Updating MFA methods for user with TOTP active results in error

[grzegorzjudas]

[REQUIRED] Step 2: Describe your environment

• Operating System version: macOS 15.6.1
• Firebase SDK version: 13.5.0
• Firebase Product: auth
• Node.js version: 20.19.2
• NPM version: 11.6.2

[REQUIRED] Step 3: Describe the problem

When attempted to change anything in the MFA configuration of a user that has TOTP active, firebase throws.

Steps to reproduce:

See the following example, where I attempt to enroll user with phone factor.

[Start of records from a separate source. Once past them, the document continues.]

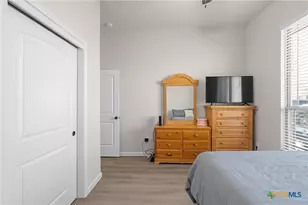 7822 Kendall Hill Dr, Temple, TX 76502 - Photo 30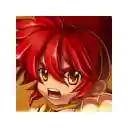 Jin Grand Chase  screen for extension Chrome web store in OffiDocs Chromium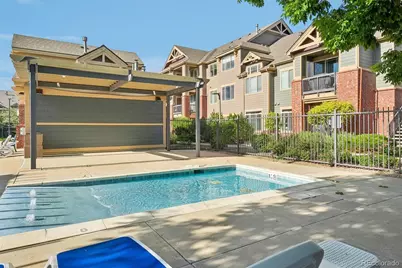 804 Summer Hawk Drive #4203, Longmont, CO 80504 - Photo 19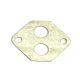 BBK Throttle Body Gasket Set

let enrolledFactors = (user.multiFactor?.enrolledFactors || []) as unknown as firebase.auth.UpdateMultiFactorInfoRequest[];

if (enrolledFactors.find((f) => f.factorId === method)) {
    console.log(`User ${email} is already enrolled in MFA method: ${method}`);
    return;
}

await firebase.auth().updateUser(user.uid, {
    multiFactor: {
        enrolledFactors: [
            ...enrolledFactors,
            {
                uid: `phone:${sanitizePhoneNumber(phoneNumber)}`,
                factorId: FactorId.PHONE,
                phoneNumber,
            },
        ],
    },
});

If the enrolledFactors include an entry with factorId totp, it throws:

FirebaseAuthError: Unsupported second factor "{"uid":"58637419-3818-4e95-b26c-7254aa11a85b","displayName":"TOTP","factorId":"totp","enrollmentTime":"Fri, 24 Oct 2025 09:34:05 GMT","totpInfo":{}}" provided.

It does look like the firebase-admin does not support TOTP fully, even though user was able to enroll and use the TOTP method on the client just fine - and the user.multiFactor?.enrolledFactors do return it (but you can't save it back to the firebase).

[grzegorzjudas]

Also one note regarding TypeScript definitions. The enrolledFactors array (2nd argument of the updateUser call) is of type MultiFactorUpdateSettings.enrolledFactors: UpdatePhoneMultiFactorInfoRequest[] | null which definitely suggests it wasn't updated to a more generic type that also supports TOTP (the type returned from user.multiFactor?.enrolledFactors is MultiFactorInfo[] | undefined.